*** EXTRACTED DATA ***

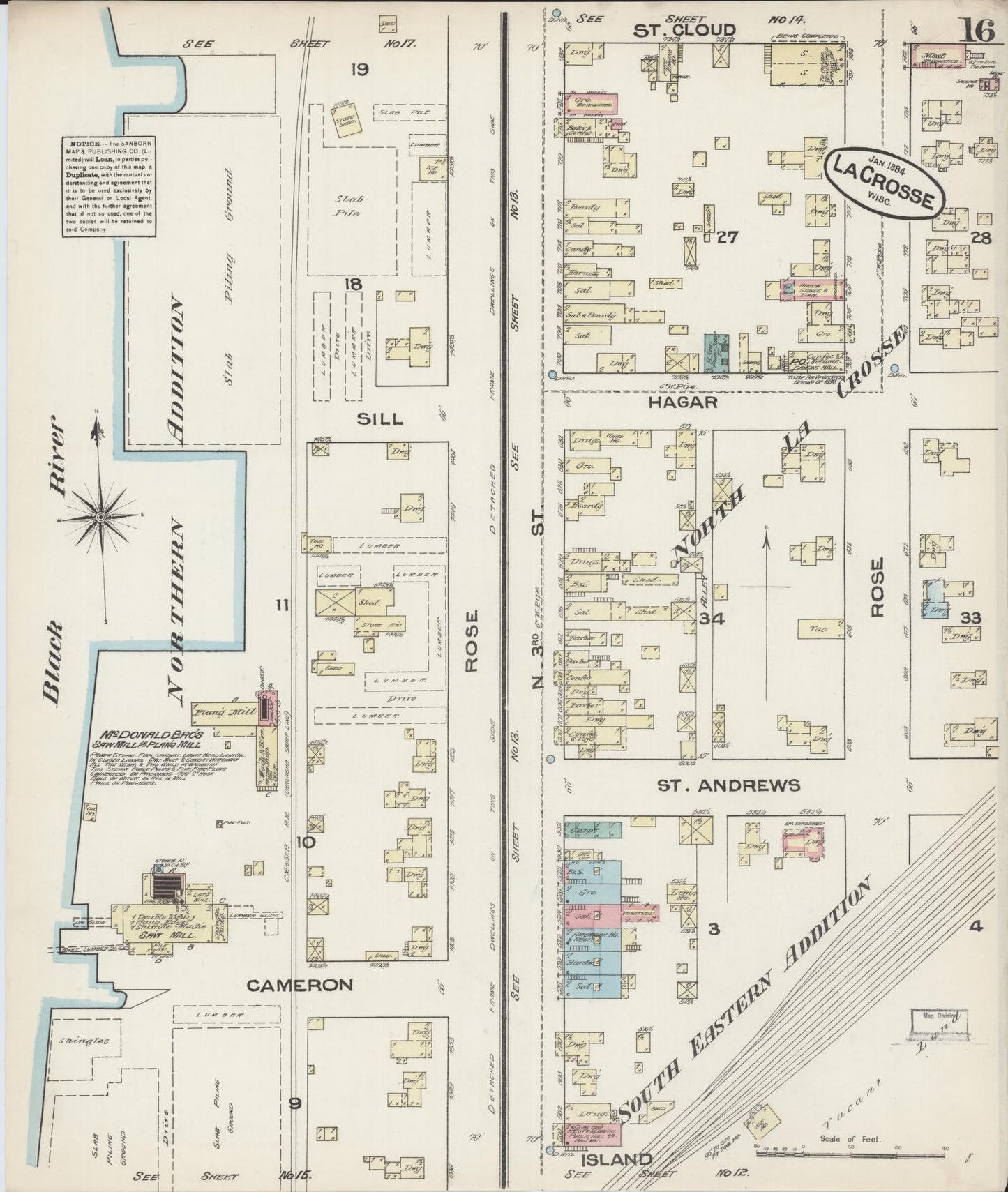 Sanborn Fire Insurance Map from La Crosse, La Crosse County, Wisconsin (1884), Sheet #0016 - Historic Sanborn Fire Insurance Map Print, vintage old map wall art, antique decor, genealogy gift, Wisconsin Wisconsin map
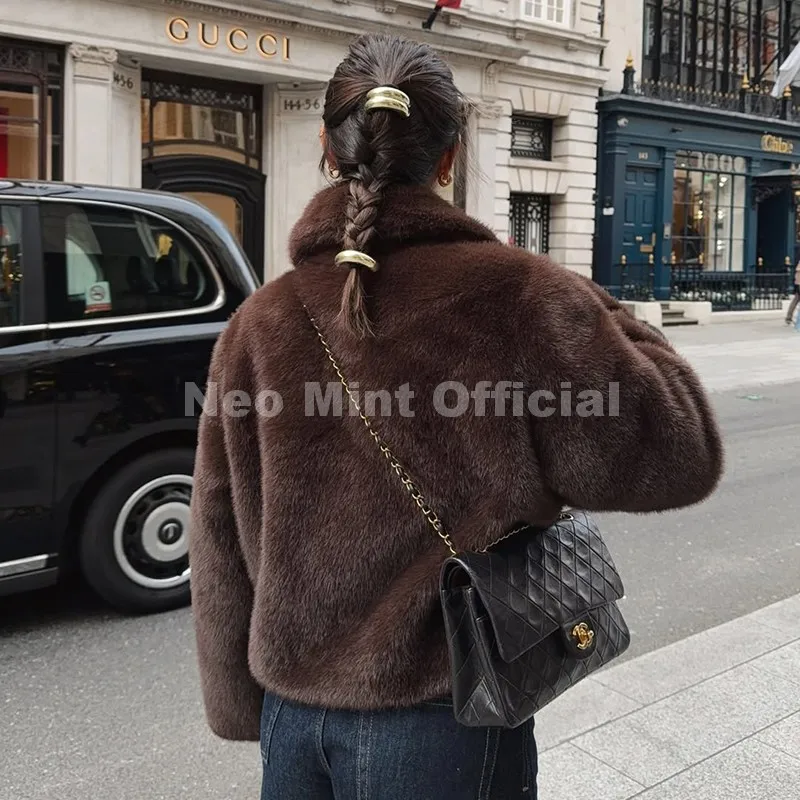 Neo Mint Cool Street Girls Fashion Brown Faux Fur Jacket Women Luxury Fake Mink Fur Coat 2025 Autumn Winter Warm Short Overcoat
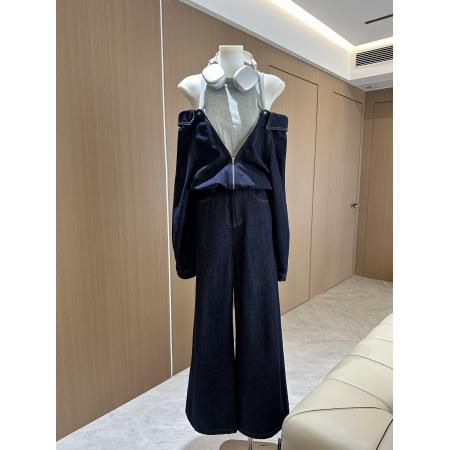 港风复古牛仔套装女设计感露肩假两件牛仔衣休闲裤两件套  服裝批發女裝批發服飾貨源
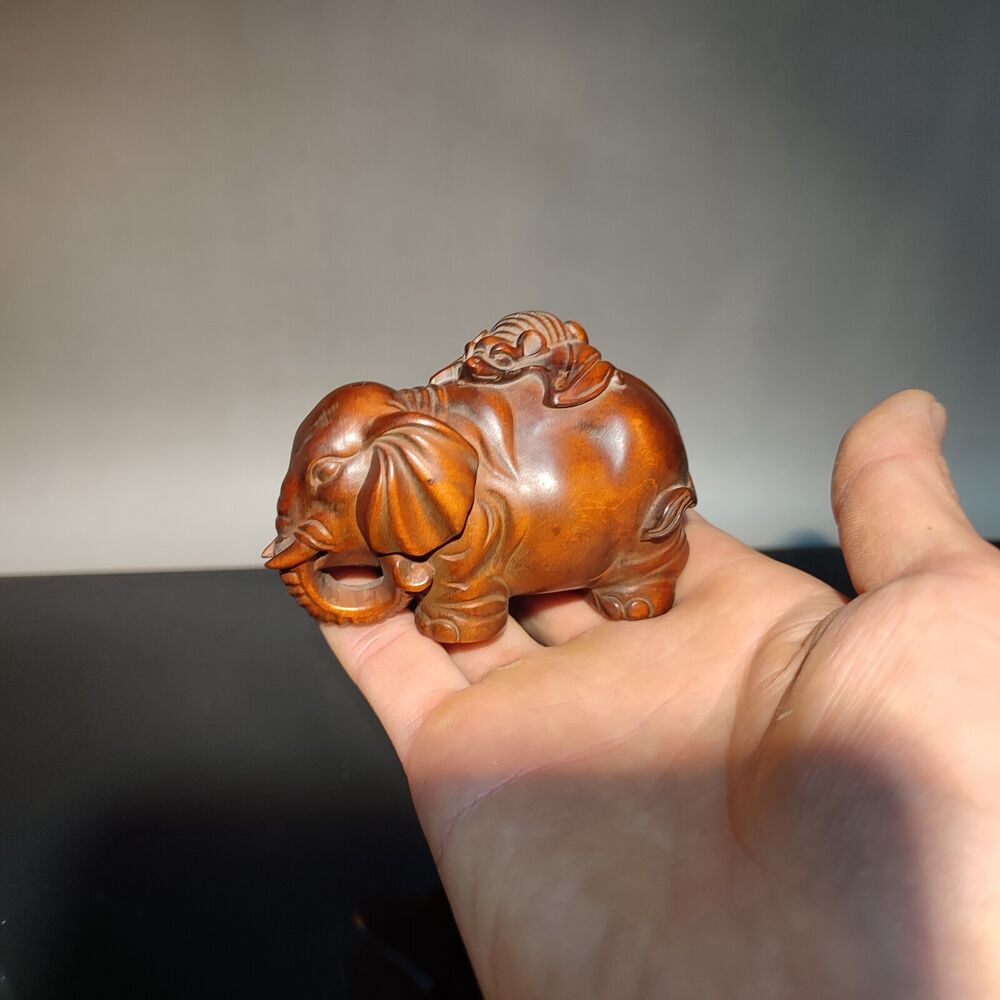 Home decoration bat elephant wooden statue decor living wall wood carved wealth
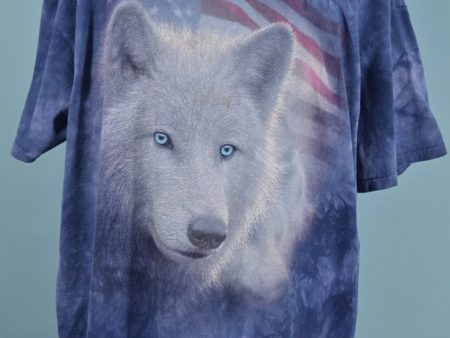 Wolf + American Flag Patriotic Tie Dye T Shirt by The Mountain 2XL Sale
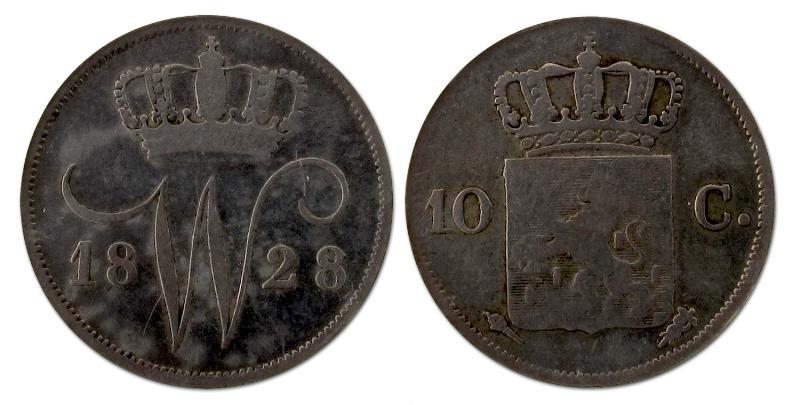 10 cent. Willem I. 1828 U. Fraai. 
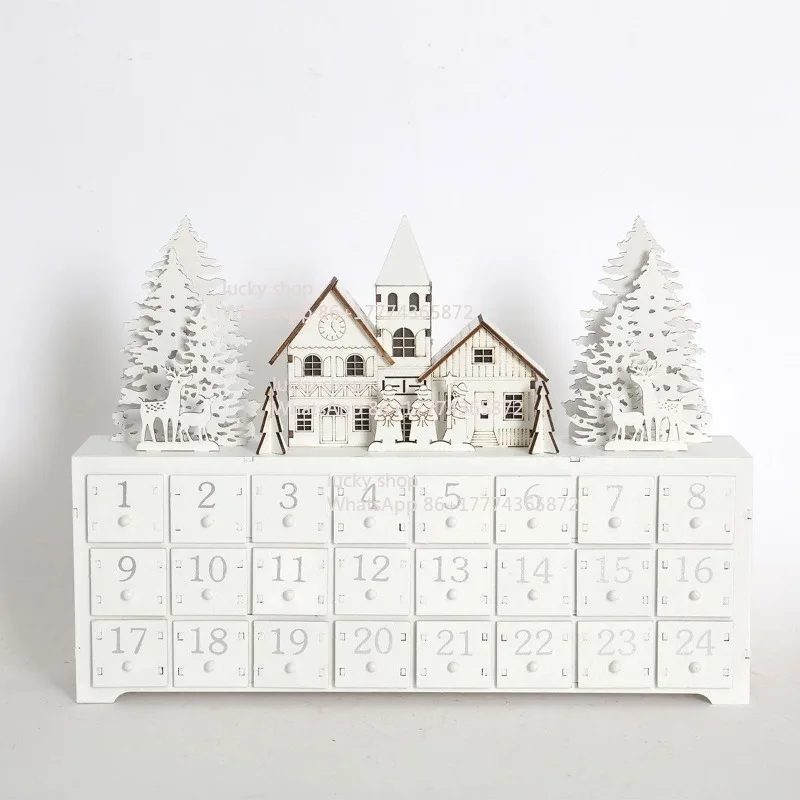 

White Christmas Village LED Lighting Countdown Calendar Ornament Decorative Gifts
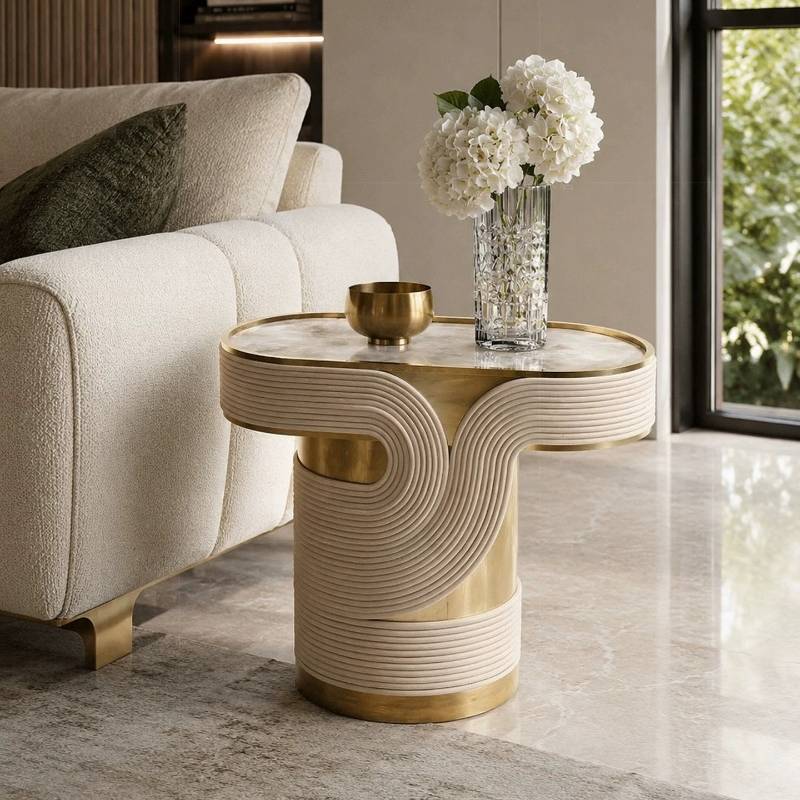 Tables Basses Ovales Dorées de - Outdoor Furniture Dubai avis et prix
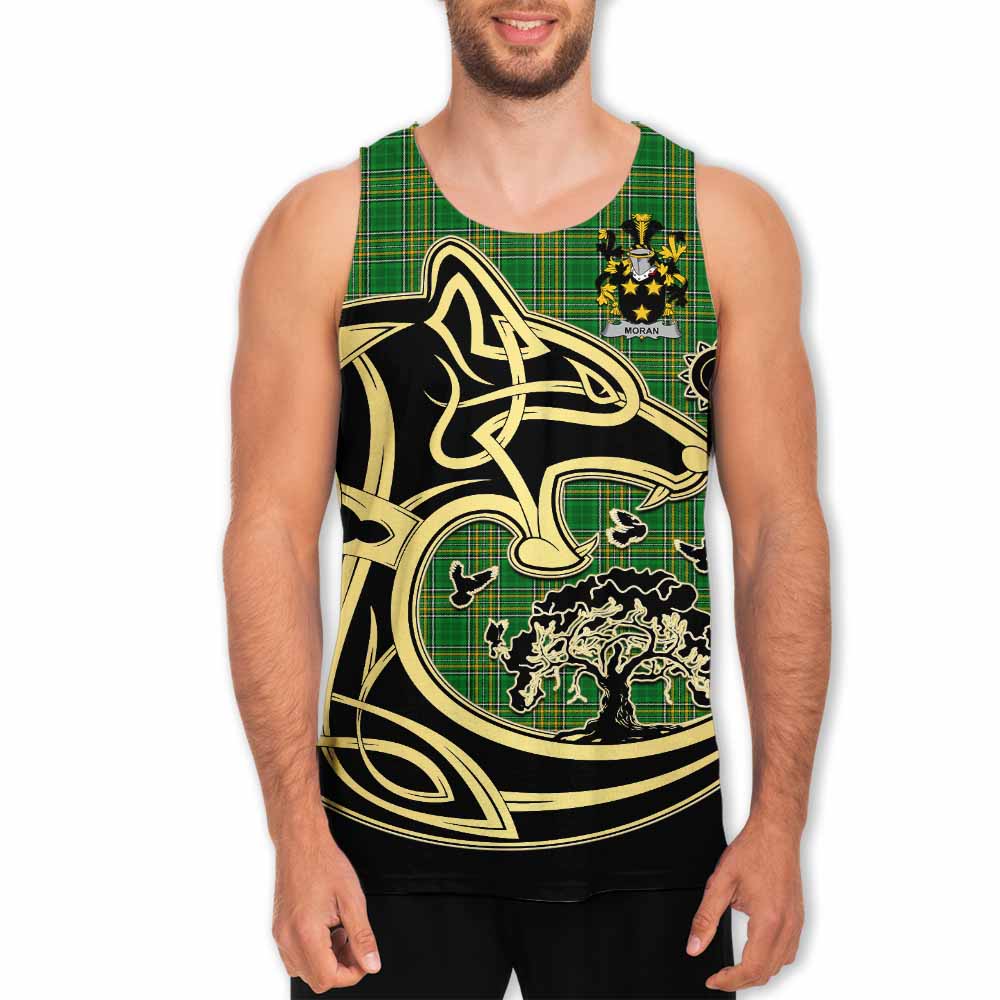 Tartan Vibes Clothing Moran Irish Tartan Men's Tank Top with Coat of Arms Celtic Wolf Style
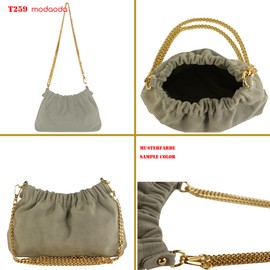 modamoda de - T259 - Mini Shoulder Bag X-Small Made of Italian Leather, Suede Pink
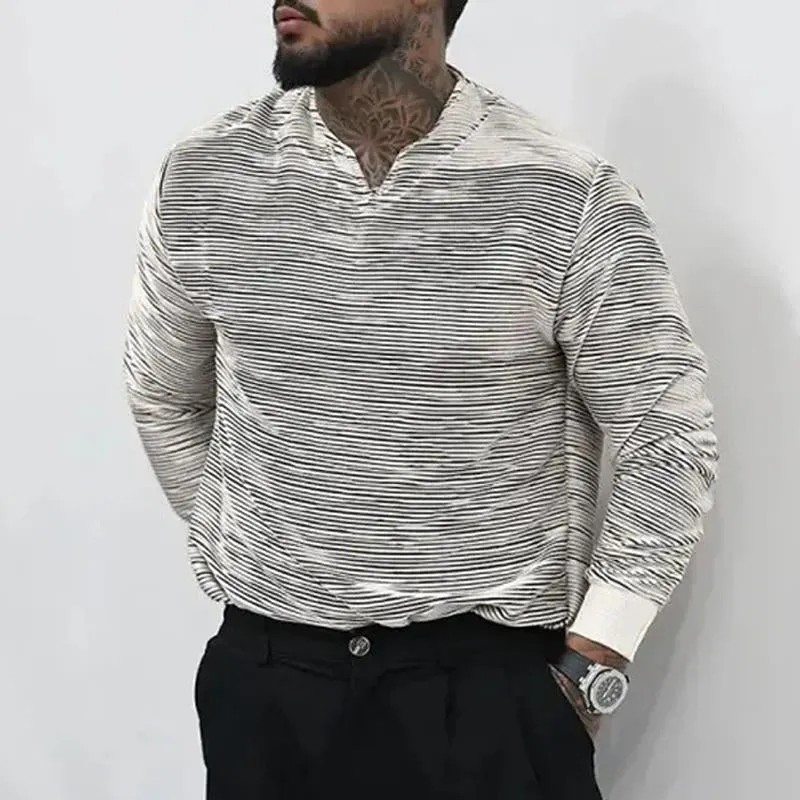 Men's Textured Print Thin V-Neck Long Sleeve T-Shirt 71176436X sold by Manly product image thumbnail 4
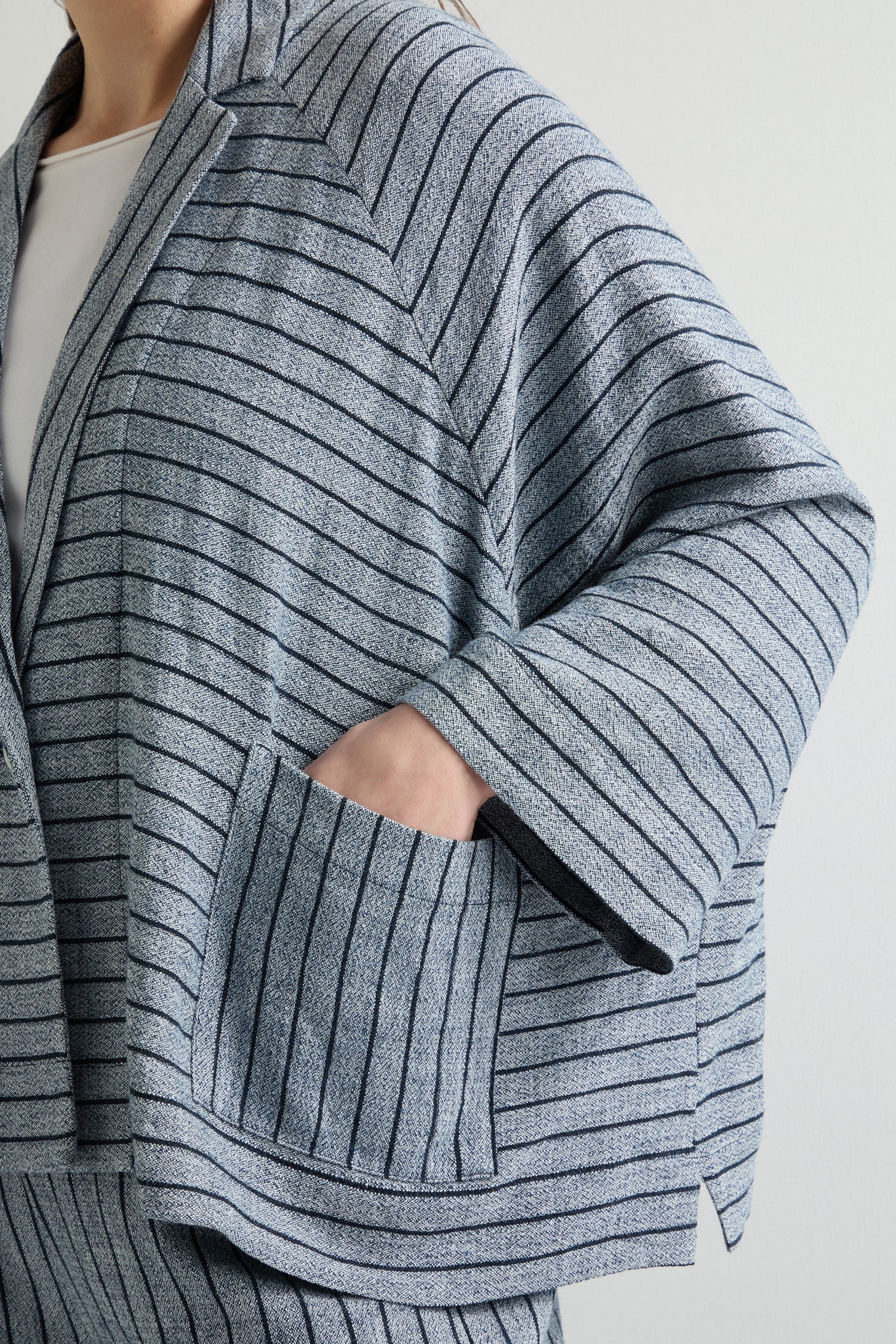 Linen Viscose Stripe Boxy Jacket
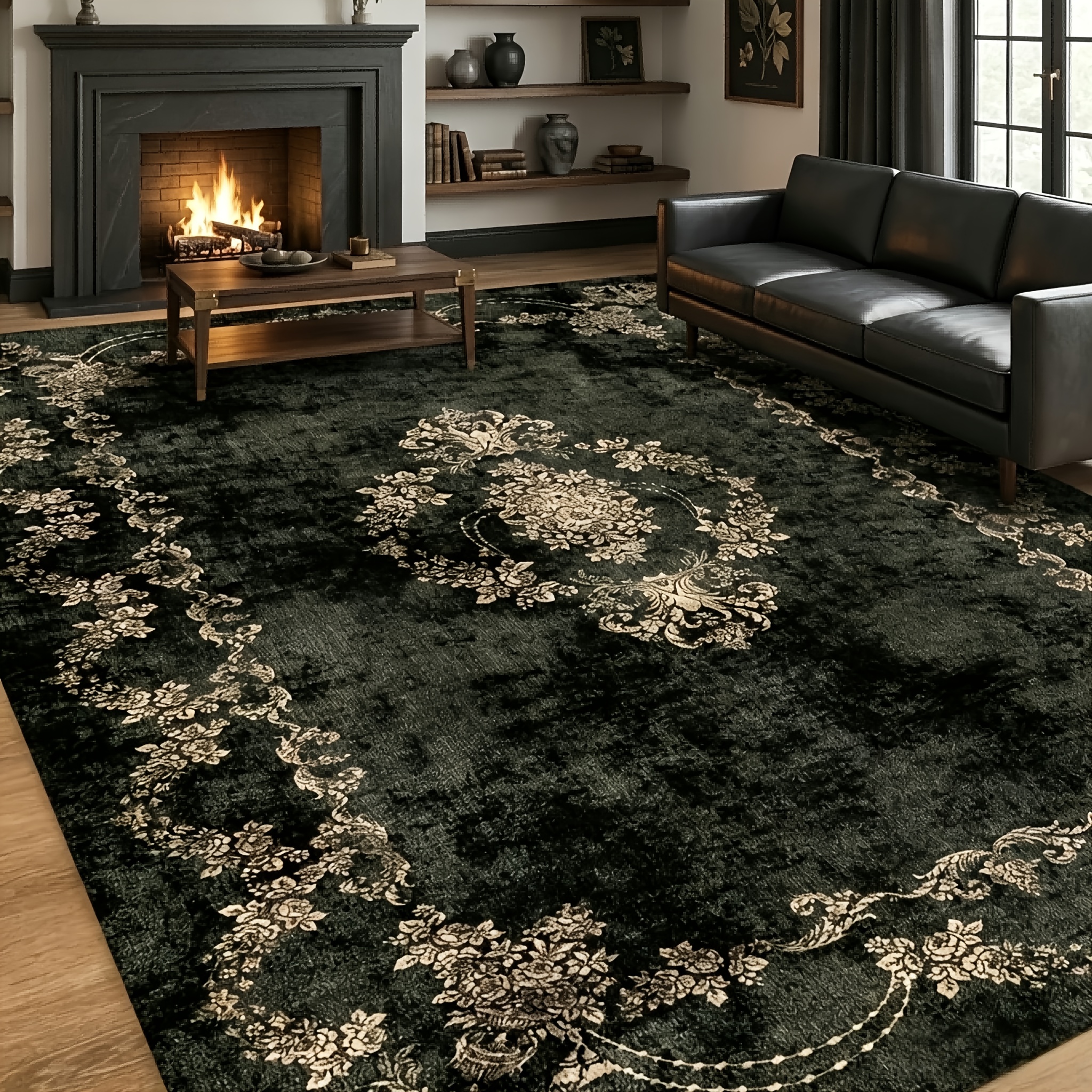 TEMU 1pc Cocoroli Luxurious Plush Rug - French Vintage Black And Rug, Non-slip Backing, Machine Washable, 100% Polyester - Suitable For High-traffic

***

# WHAT TO WORK ON
Write all the entries again word for word, minus the pictures.

# SOLUTION FOR THIS PROBLEM
 Sanborn Fire Insurance Map from La Crosse, La Crosse County, Wisconsin (1884), Sheet #0016 - Historic Sanborn Fire Insurance Map Print, vintage old map wall art, antique decor, genealogy gift, Wisconsin Wisconsin map
 Neo Mint Cool Street Girls Fashion Brown Faux Fur Jacket Women Luxury Fake Mink Fur Coat 2025 Autumn Winter Warm Short Overcoat
 港风复古牛仔套装女设计感露肩假两件牛仔衣休闲裤两件套  服裝批發女裝批發服飾貨源
 Home decoration bat elephant wooden statue decor living wall wood carved wealth
 Wolf + American Flag Patriotic Tie Dye T Shirt by The Mountain 2XL Sale
 10 cent. Willem I. 1828 U. Fraai. 

White Christmas Village LED Lighting Countdown Calendar Ornament Decorative Gifts
 Tables Basses Ovales Dorées de - Outdoor Furniture Dubai avis et prix
 Tartan Vibes Clothing Moran Irish Tartan Men's Tank Top with Coat of Arms Celtic Wolf Style
 modamoda de - T259 - Mini Shoulder Bag X-Small Made of Italian Leather, Suede Pink
 Men's Textured Print Thin V-Neck Long Sleeve T-Shirt 71176436X sold by Manly product image thumbnail 4
 Linen Viscose Stripe Boxy Jacket
 TEMU 1pc Cocoroli Luxurious Plush Rug - French Vintage Black And Rug, Non-slip Backing, Machine Washable, 100% Polyester - Suitable For High-traffic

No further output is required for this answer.